In preparation for the new year, this week's news covers mobile apps, open-access databases, and a visual novel-publishing platform. Also, on the American Council on Education's Higher Education Today blog, a breakdown of promising workforce models that can better support college educators. 

News in brief

The latest news and opinions in higher education.

Fact-checking. A new wiki that allows students to fact-check stories they read on social media could be a valuable tool for teaching digital literacy. (ProfHacker)


Writing rightly. Emily Sherer Stewart offers tips for teaching composition effectively, including keeping students writing frequently. (Vitae)


Novel ideas. A free online tool for building and publishing visual novels can serve as a platform for student projects in multiple disciplines. (ProfHacker)


Innovating instruction. Two California State technology professionals advocate “untethering,” a process by which faculty can remotely access resources for developing digital literacy skills to enhance their teaching. (EdSurge)

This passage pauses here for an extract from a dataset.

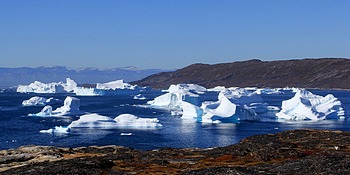 Floating sea ice in August in Disko Bay, Greenland.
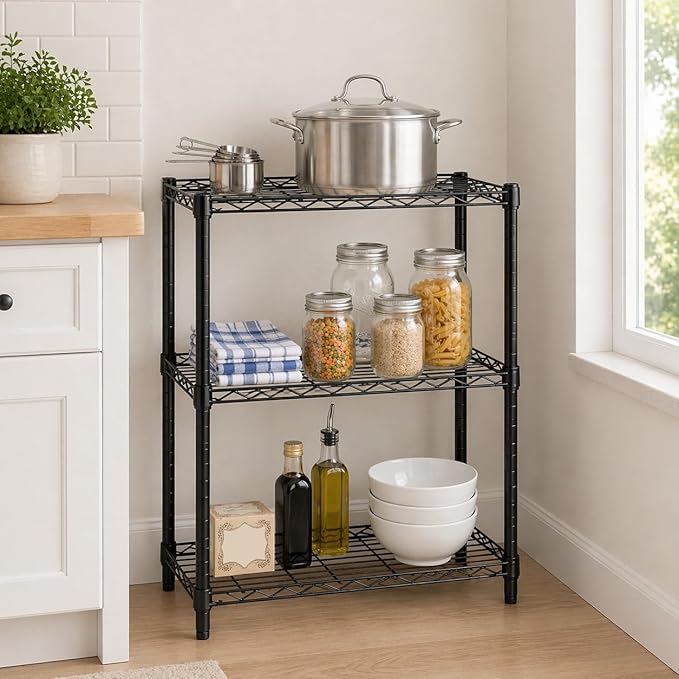 Honey-Can-Do 3-Tier Heavy Duty Adjustable Shelving Unit, 250-lb Per Shelf Metal Storage Rack, NSF Certified Wire Shelf for Kitchen Garage Pantry, Black, 24 x 14 x 30 in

Smartphone studying. Scott Hamm provides five tips for incorporating mobile apps into instruction, such as using texting for exam review. (Campus Technology)


Community college learning. Mentoring relationships between doctoral students and two-year college faculty can bring to light challenges like working with diverse student groups and provide opportunities to reflect on teaching. (Inside Higher Ed)


Valuable degrees. A college degree is central to economic success, Federal Reserve Chairwoman Janet Yellen told University of Baltimore graduates—who are entering the strongest workforce in nearly a decade—in her commencement address. (The New York Times)


Accessible scholarship. Barbara Fister suggests three open-access databases on which students and instructors can share, find, and collaborate on humanities projects. (Library Babel Fish)


Diversifying colleges. Michael Bloomberg’s foundation launched an initiative encouraging colleges to substantially increase student enrollment from working-class families. (The New York Times)


Faculty futures. Unbundling traditional academic roles so faculty can concentrate on teaching is one promising workforce model with widespread support among professors, administrators, and policymakers. (Higher Education Today)


Inspiring students. Stanford University’s Tina Seelig suggests that teaching is not just about the information; instructors must build relationships with students. (Medium)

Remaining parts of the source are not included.